S.A. (employment harmful to children) did not testify. Again, though, the jury reviewed records that supported a reasonable inference that Taylor facilitated her underage work at a strip club. Specifically, in July 2018, Taylor told S.A., then sixteen, that he could get her a fake identification card to work in a strip club. Deputies found her fake identification card at Taylor's apartment. Records from Blush showed she worked there along with D.J., and photos showed her, K.M., and D.J. working at Blush in July 2018. In July 2018, Taylor bought her a bus ticket.

In sum, the State presented considerable evidence that, when viewed in the light most favorable to the verdict, supports the conviction for continuous trafficking. Under the statute, "members of the jury are not required to agree unanimously on which specific conduct engaged in by the defendant constituted an offense under Section 20A.02 or on which exact date the defendant engaged in that conduct." Tex. Penal Code § 20A.03(b). Instead, "[t]he jury must agree unanimously that the defendant, during a period that is 30 or more days in duration, engaged in conduct that constituted an offense under Section 20A.02." Id. Even setting aside the testimony of B.S., jurors were presented with ample evidence that, in 2018, during a period that was "30 or more days in duration," Taylor engaged in conduct that constituted an offense under Section 20A.02-he committed "employment harmful to children" by inducing K.M., S.C., and S.A., who were children under eighteen, to work as strippers in the sexually oriented commercial activity of strip clubs. Tex. Penal Code Ann. § 43.251(b)(1) (a person commits employment harmful to children if the person "induces a child to work . . . in a sexually oriented commercial activity"). A fourth female, D.J., testified that Taylor transported them to their work shifts at strip clubs. Tex. Penal Code §§ 20A.01(4), 20A.02(a)(7). Although Taylor complains about the volume of hearsay the State relied upon in proving its case, we are obligated to review "all of the evidence." Clayton, 235 S.W.3d at 778 (sufficiency review "includes evidence that was properly and improperly admitted"). And we do not believe the jury acted irrationally in relying on this hearsay evidence, especially because it was corroborated by voluminous non-hearsay including Taylor's social media statements and photographs. Nisbett, 552 S.W.3d at 262; see also Tex. R. Evid. 801(e)(2) (party's own statements offered against him are not hearsay). We therefore overrule Taylor's first issue.
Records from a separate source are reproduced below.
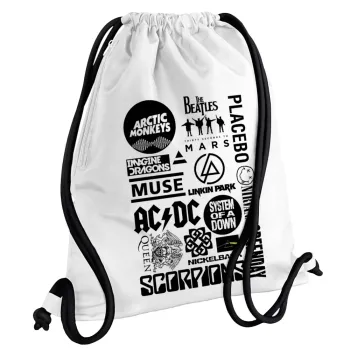 Best Rock Bands Collection, Τσάντα πλάτης πουγκί GYMBAG λευκή, με τσέπη (40x48cm) & χονδρά κορδόνια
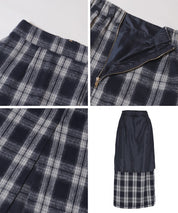 後拉鍊格紋直筒半裙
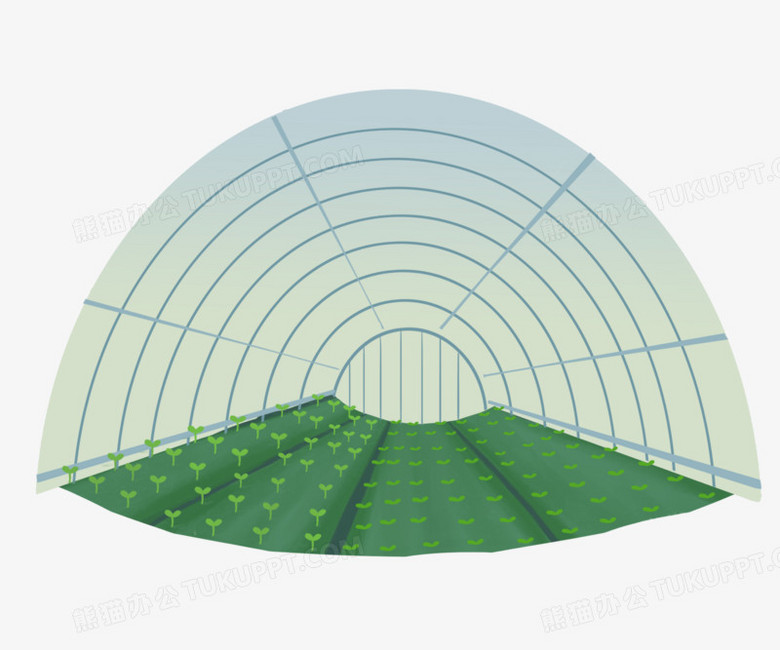 手绘现代大棚室内种植免抠元素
2. Sufficiency to Prove Aggravated Promotion of Prostitution

Next, Taylor argues the evidence is insufficient to establish that he committed aggravated promotion of prostitution. "A person commits [aggravated promotion of prostitution] if he knowingly owns, invests in, finances, controls, supervises, or manages a prostitution enterprise that uses two or more prostitutes." Tex. Penal Code Ann. § 43.04(a). Article 21.02(6) of the Texas Code of Criminal Procedure provides that, in an indictment, "[t]he [offense date] mentioned must be some date anterior to the presentment of the indictment, and not so remote that the prosecution of the offense is barred by limitation." Tex. Code Crim. Proc. Ann. art. 21.02(6). The indictment alleged that "on or about the 9th Day of August, 2018, ERIC LARANZE TAYLOR, did knowingly own, invest in, finance, control, supervise, and manage a prostitution enterprise that used at least two prostitutes[.]" "[T]he 'on or about' language of an indictment allows the State to prove a date other than the one alleged in the indictment as long as the date is anterior to the presentment of the indictment and within the statutory limitation period." Sledge v. State, 953 S.W.2d 253, 256 (Tex. Crim. App. 1997). The jury charge repeated that "on or about" date.

Taylor argues the evidence is insufficient to prove that he managed two or more prostitutes or that he did so within three years of the March 25, 2020 indictment. See Tex. Code Crim. Proc. Ann. art. 12.01(9) (felony indictment for offenses alleged here may be presented within three years from the date of offense). We will assume, without deciding, that we cannot consider evidence from before March 25, 2017 in determining whether sufficient evidence supports the jury's finding on aggravated promotion of prostitution. As discussed above, K.M. told Teague and Hunt that during the summer of 2018, Taylor was her pimp. She explained that "[h]e demanded she make so much money through stripping and prostituting. . . . He had her recruit other girls to come to San Antonio and work for him, stripping and prostituting."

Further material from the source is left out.